An MK 88 Plus belonging to crane service provider Nolte Auto-Krane was part of a structural inspection project of the North Sea barrage near Husum.
The Husum harbour barrage was built in 1975 to protect against storm surges. After 46 years, the time had come for the North Sea installation to undergo a thorough inspection. For this to happen, all water had to be removed from inside the barrage.
Stop gates (also known as emergency gates) had to be erected first to ensure a dry working area. The MK 88 placed a total of around 300 stop logs and intermediate posts to keep the water out. The placing of the stop gates meant the machine was able to complete 300 lifts in just three days.
Quick positioning of posts
Commercial divers provided instructions to guide the crane’s operators. Their common goal: to manoeuvre the 11-metre-long and 36 centimetre-wide posts into their correct positions at the base of the barrage.
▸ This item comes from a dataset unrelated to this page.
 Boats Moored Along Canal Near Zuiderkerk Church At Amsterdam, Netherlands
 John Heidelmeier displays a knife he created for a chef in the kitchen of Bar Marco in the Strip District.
“The ability to move loads quickly via the trolley on the horizontal jib and the prompt, safe positioning of posts were both great advantages,” says Oliver Andritter, who headed up the steel work.
Delivering the posts with centimetre precision was essential as the divers were working in murky waters with little visibility and, in some cases, at night. “I’m also very impressed that the crane can be dismantled in 15 minutes and then swiftly moved to another position on site,” says Andritter.
Jürgen Peters plans and is responsible for major crane projects at Nolte. He had a heavy-duty crane at his disposal alongside the mobile construction crane.
“We needed our Liebherr LG 1750 lattice tower crane to lift the flood protection gate wings, weighing up to 65 tonnes, off their hinges,” he says. “The MK was responsible for the construction and dismantling of the gates and supplied the 13 metre-deep construction site chambers with everything that was needed.”
Chris Kubinski and Manuel Krüger used their MK 88 Plus to lift pumps, generators, scaffolding parts, tools and even cherry pickers down to the engineers and labourers working in the emptied barrage chambers. The two experienced crane operators worked in shifts aboard the modern crane cabin.
Height-adjustable elevating cab
“We were able to reach and do everything with the 45-metre jib from just two positions,” says Chris Kubinski. “Projecting edges aren’t a problem any more and it’s much easier to keep the safety distance required when working near power lines.”
But what excites him most is being able to move his loads safely from within the crane cabin, which can be positioned at hook height to provide a clear view of the action.
He also likes the option of operating the crane via radio remote control. “It’s particularly ideal for assembling glass roofing or façades as I can stand right next to the fitters. Sometimes it’s all down to millimetre precision,” Kubinski says.
From Nolte Auto-Krane’s location in Hannover, Peters supplies construction sites all over Germany with some 30 Liebherr machines. His four mobile construction cranes – three MK 88s and one MK 140 – are always in use.
Ultimately, the 2.2 million Euro barrage project was completed faster than planned, and the passage to Husum harbour was reopened for skippers and boat owners four days earlier than planned.